WHAT TO PRODUCE:
From the listing below, restate word for word the lines from the line containing "Blick auf die" down through the line containing "Réfrigérateur, four à". Exclude pictures.

THE DATA:
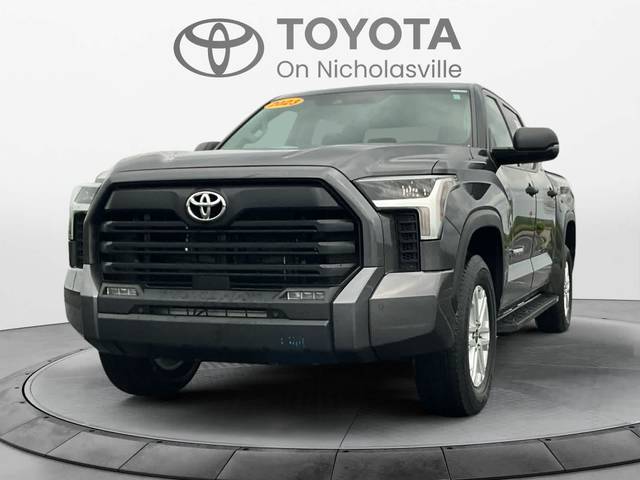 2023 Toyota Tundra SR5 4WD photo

...

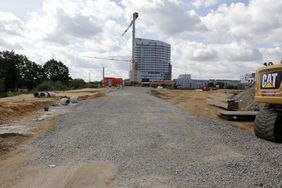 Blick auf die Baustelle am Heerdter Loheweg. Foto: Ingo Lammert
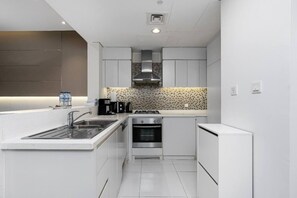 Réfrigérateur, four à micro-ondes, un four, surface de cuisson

RESULT:
 Blick auf die Baustelle am Heerdter Loheweg. Foto: Ingo Lammert
 Réfrigérateur, four à micro-ondes, un four, surface de cuisson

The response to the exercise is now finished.